WCAG 2.0 color requirements
WCAG 2.0 requires that the foreground and background colors have a 4.5:1 contrast ratio at Level AA and a 7:1 contrast ratio at Level AAA. You can use our contrast checker tool to determine what the ratio is between any foreground and background color.
WCAG 2.0 also requires (at Level A) that color not be used as the sole method of conveying content or distinguishing visual elements. They further define this requirement for links with Technique G183, which states, “Using a contrast ratio of 3:1 with surrounding text and providing additional visual cues on focus for links or controls where color alone is used to identify them.” This means that if you do not underline your links (or provide some other non-color designator for links), that the links must be sufficiently different in contrast from the surrounding text.

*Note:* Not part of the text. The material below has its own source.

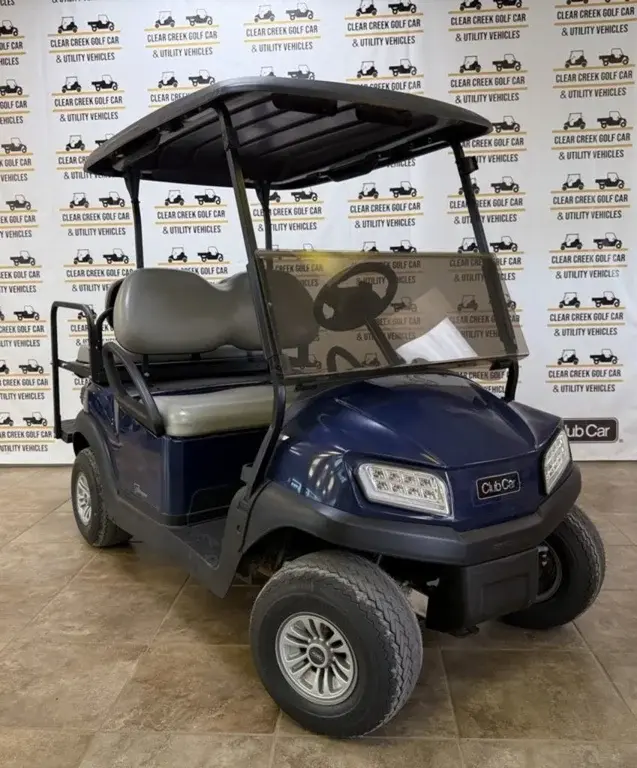 2021 Club Car Tempo Electric photo 1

So if you combine these two requirements, in order to be Level AA conformant, your page must have all of the following:
- A 4.5:1 contrast between the non-link text color and the background.
- A 4.5:1 contrast between the link text color and the background.
- A 3:1 contrast between the link text color and the surrounding non-link text color.
In other words, your link color has to be significantly different from the background color AND the surrounding text color, which also has to be significantly different from the background color.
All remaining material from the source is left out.